Hardee is the brains behind Flatwater’s events as the Director of Development; as well as overseeing sponsorships and donations.
Hardee is a retired world champion pole vaulter for team USA and connected with Garza through a mutual friend when she moved to Austin in 2011. Resonating with the mission of spreading mental health awareness, Hardee volunteered for Flatwater before she was hired full-time in 2012.
“Over time, I’ve just really seen how important is to focus on your mind—both as a retired athlete and a regular person,” she says.
Aside from DTC, the foundation has also found other creative ways to fundraise and connect with the community, including sending groups to the New York City Marathon, the Berlin Marathon, as well as SUP challenges in The Netherlands and circumnavigating Lake Tahoe in September 2017.
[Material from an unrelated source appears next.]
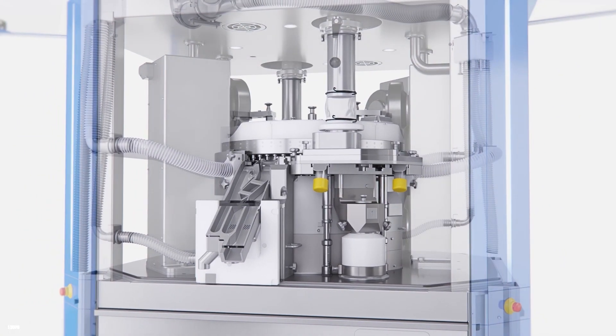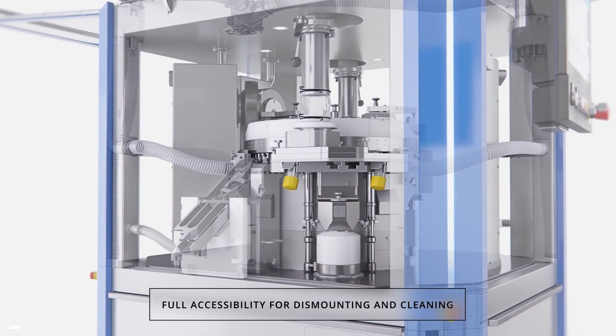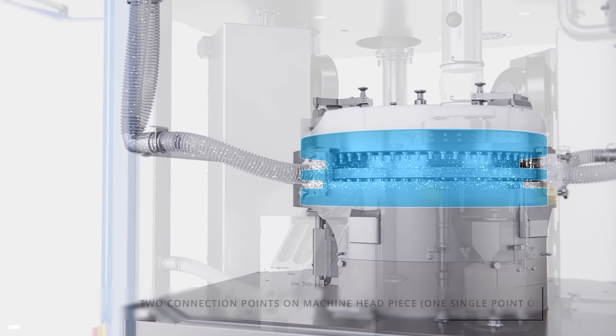The new concept for routing dust extraction hoses through the multi-function channels permits full accessibility for dismounting and cleaning. As a result, the machine base is free of hoses and therefore not contaminated.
“I love the mission, where our money goes and the people involved,” says Hardee. “It’s really a tight-knit community of close friends.”
While donations may go to those coping with cancer, ultimately Flatwater is playing a large part in helping erase the stigma often associated with mental health. As the mission of The Flatwater Foundation continues to spread, so does the emphasis on positive mental health care.
“We stigmatize what we don’t understand,” Kennington says. “You’d go to the doctor if you got diabetes—no one considers when the mind is sick. Depression isn’t something you can see. Flatwater is normalizing treatment by allowing mental health challenges to have their own practices.”